There should be systemic recognition of the beautiful humanity underpinning all that we do, think and say. It will take communication, anxiety, and work to sometimes negotiate and balance the competing interests and conflict that will almost inevitably arise in the throes of our collective experiences as humans. This is why I signed on to serve at UWLA. I want our university family to be a positive catalyst for positivity, and the promotion of the uplifting of our community and the individuals that we serve. I would hope that on this day, everyone would internalize the ideals that this time represents by focusing on how we can individually and collectively contribute to the growth and positive pursuits of wealth and prosperity for all segments of our society, strongly reaffirming the ideals that domination, exploitation, and oppression are intolerable practices that should never belong in any human society.
Thank you for being a part of and interested in our UWLA family.
In closing I will quote a passage written by Maya Angelou:
“You may write me down in history With your bitter, twisted lies,
You may trod me in the very dirt But still, like dust, I'll rise.

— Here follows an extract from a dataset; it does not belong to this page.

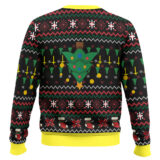 Hooktab Santa Emeritus Papa Emeritus Ghost Ugly Christmas Sweater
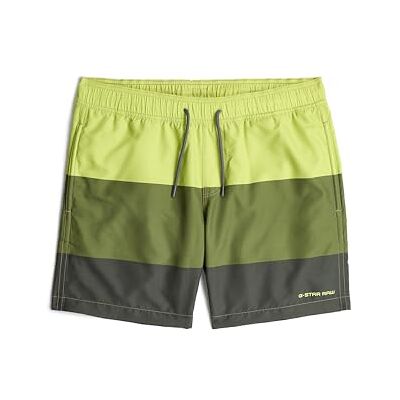 G-STAR Dirik Color Block Pantaloncini da Bagno da Uomo, Multicolore (Bright Chartreuse Color Block ), M G-STAR Dirik Color Block Pantaloncini da Bagno da Uomo, Multicolore (Bright Chartreuse Color Block ), M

Does my sassiness upset you?
Why are you beset with gloom? ’
Cause I walk like I've got oil wells Pumping in my living room.
Just like moons and like suns,
With the certainty of tides,
Just like hopes springing high,
Still I'll rise.
Did you want to see me broken?
Bowed head and lowered eyes?
Shoulders falling down like teardrops,
Weakened by my soulful cries?
Does my haughtiness offend you?
Don't you take it awful hard
’Cause I laugh like I've got gold mines Diggin’ in my own backyard.
You may shoot me with your words,
You may cut me with your eyes,
You may kill me with your hatefulness,
But still, like air, I’ll rise.
Does my sexiness upset you?
Does it come as a surprise
That I dance like I've got diamonds At the meeting of my thighs?
Out of the huts of history’s shame
I rise
Up from a past that’s rooted in pain
I rise
I'm a black ocean, leaping and wide,
Welling and swelling I bear in the tide.
Leaving behind nights of terror and fear
I rise
Into a daybreak that’s wondrously clear
I rise
Bringing the gifts that my ancestors gave,
I am the dream and the hope of the slave.
I rise
I rise
I rise."
If you have any questions feel free to contact me I remain humbly,
Robert Brown
P.S. I want to acknowledge the collaboration of Dean Jay Frykberg in contributing and substantially writing major portions of this message. I want to acknowledge our collaboration and mutual respect for each other and most importantly that, the ideals set forth in this message are human ideals that are not about the fictional illusion of race or ethnicity, but rather more importantly that our humanness and desire for a more positive society, transcends those immutable societal designations, which do little more than serve as a totally rebuttable presumptive points of reference. They generally serve very little value beyond that reference point. Thanks Dean Frykberg, I salute you my friend.